Pax Christi USA co-founder Sr. Mary Evelyn Jegen dies

Sr. Mary Evelyn Jegen, one of the co-founders of Pax Christi USA and the group's first national coordinator, died Friday after a long illness. She was 86.

A funeral Mass for Jegen, a member of the Sisters of Notre Dame de Namur for 66 years, is scheduled for July 11 in the chapel at her community's motherhouse in Cincinnati.

In 1982, she became the third recipient of Pax Christi USA's Pope John XXIII Teacher of Peace Award.

During her tenure as national coordinator from 1979 to 1982, Pax Christi USA's membership grew from less than 1,000 to more than 5,500 members, including 46 U.S. bishops.

"Mary Evelyn Jegen was teacher and mentor for an entire generation of Catholic peace activists like me," said a statement Monday from Tom Cordaro, Pax Christi USA's "ambassador of peace" and an author and lay minister. "She had that rare combination of gifts that set her apart from many others in the movement.

"She was an excellent theologian, a gifted writer and, most importantly, she was a strategic thinker and visionary. Everything Mary Evelyn did as a leader in the Catholic peace movement was strategically focused on her vision of making nonviolence and peacemaking an integral part of Catholic social teaching and practice at all levels of the church."

Jegen taught history at the University of Dayton in Ohio from 1967 to 1971. She also worked with students who were struggling with their response to the war in Vietnam and considering conscientious objection. This experience changed her, and over time, she became a pacifist.

In 1984, Jegen was elected vice president of Pax Christi International. She represented Pax Christi International at the United Nations from 1991 to 2000; Pax Christi has special consultative status at the U.N. as a nongovernmental organization.

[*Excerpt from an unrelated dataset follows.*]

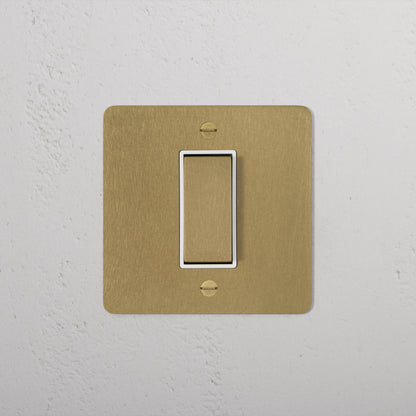 Skorter | 1G Center Retractive Rocker Switch - Antique Brass White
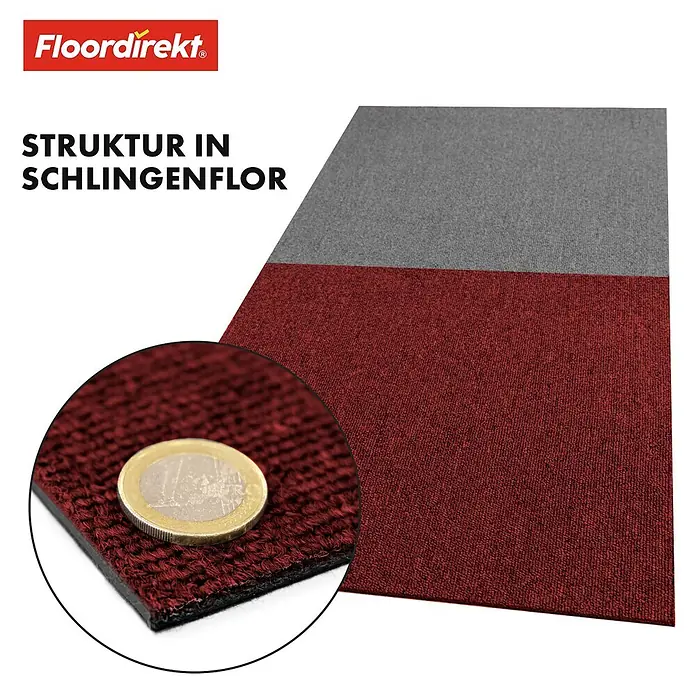 Floordirekt Teppichfliese Moscow Selbstliegend 50 x 50 cm 0,25 m² Rot -  - Zweifarbiger rot-grauer Schlingenflor-Teppichmuster. Nahaufnahme zeigt Textur mit einer Euro-Münze.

Among her books are 1985's How You Can Be a Peacemaker: Catholic Teachings and Practical Suggestions and 2005's Just Peacemakers: An Introduction to Peace and Justice.

Jegen was arrested several times and jailed overnight for nonviolent resistance, including a 2006 action in which she and three others occupied the office of a member of the U.S. House of Representatives and read names of victims of the war in Iraq, both Iraqis and members of the U.S. military.

She lamented U.S. involvement in both the 1991 and 2003 wars in Iraq.

In 1991, at a panel discussion marking the 100th anniversary of the papal encyclical Rerum Novarum, Jegen asserted that modern warfare results in civilians making up 85 percent of all casualties. She added that Catholic teaching on just-war principles may have had one effect on the home front. "We don't have a lot of flag-raising and praying for victory," she said. "We have a lot of sorrowing and praying for an end" to the war.

In 2003, one month before the United States launched its second war against Iraq, Jegen said the language of war needs to be changed by those who wish to promote peace. It's not "use of force" but "use of weapons that kill," she said, not "collateral damage" but people killed, "brothers and sisters killed. Whose brothers and sisters? Ours."

She added that peace activists must continue to be guided by Jesus' teaching to "love our enemies, to do good to those who hurt us. Victory is not the objective. Reconciliation is the goal of an active nonviolent position."